**WORK ITEM:**
Start at the first line below and write out everything verbatim except the pictures.

**DATA BLOCK:**
┌──

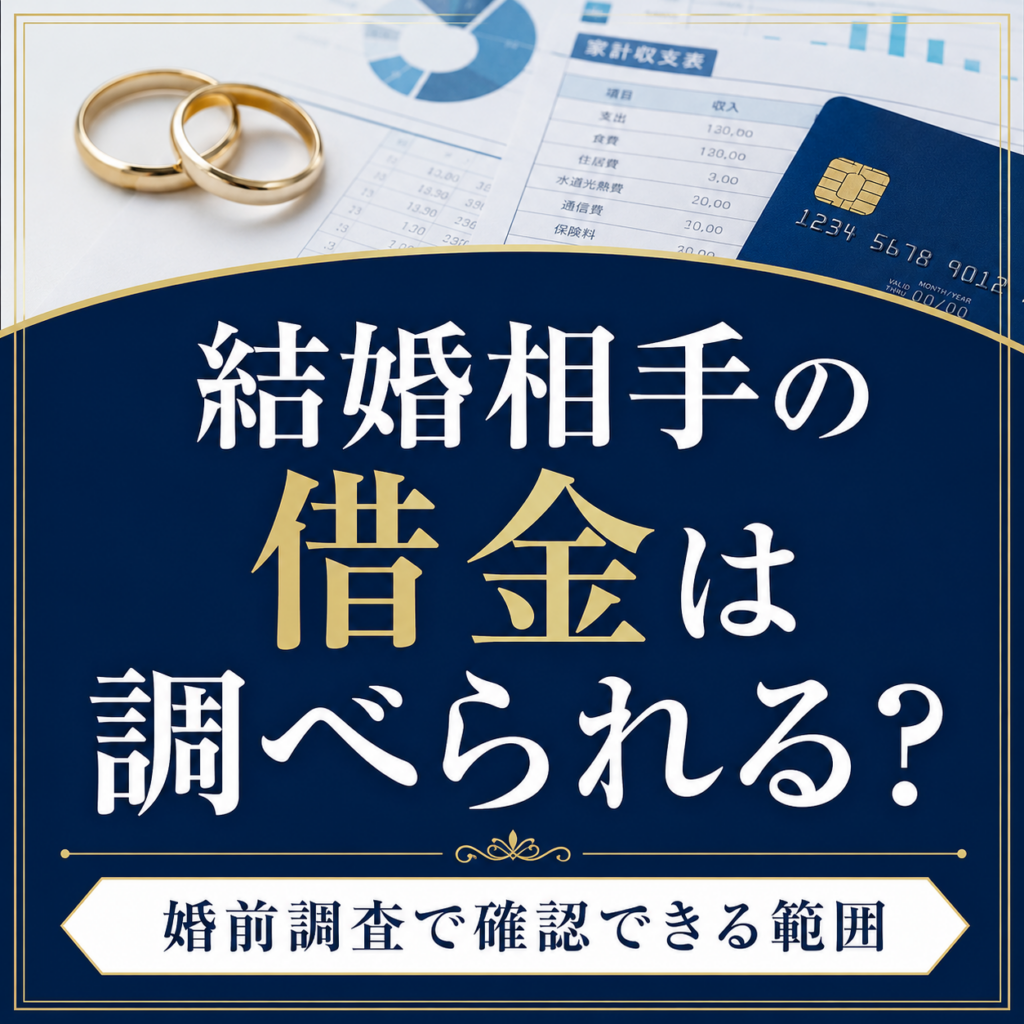 結婚相手の借金について婚前調査で確認できる範囲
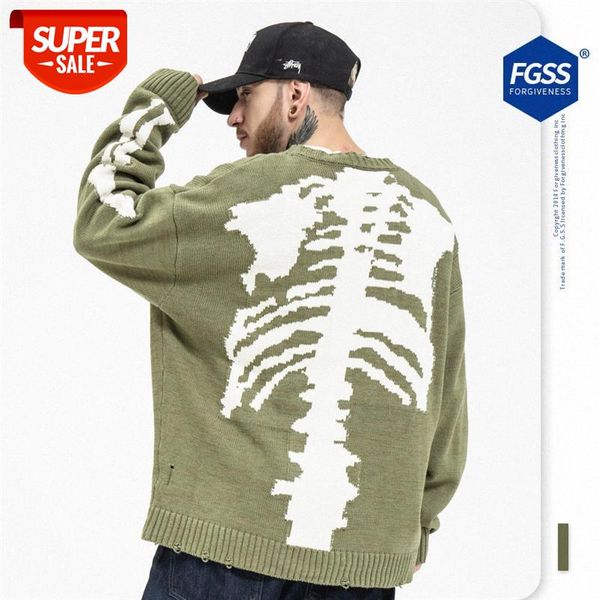 autumn and winter japanese tide brand rib skeleton skull destruction hole sweater #du4x, Black
autumn and winter japanese tide brand rib skeleton skull destruction hole sweater #du4x, Black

└──

**ANSWER BELOW:**
 結婚相手の借金について婚前調査で確認できる範囲
 autumn and winter japanese tide brand rib skeleton skull destruction hole sweater #du4x, Black
autumn and winter japanese tide brand rib skeleton skull destruction hole sweater #du4x, Black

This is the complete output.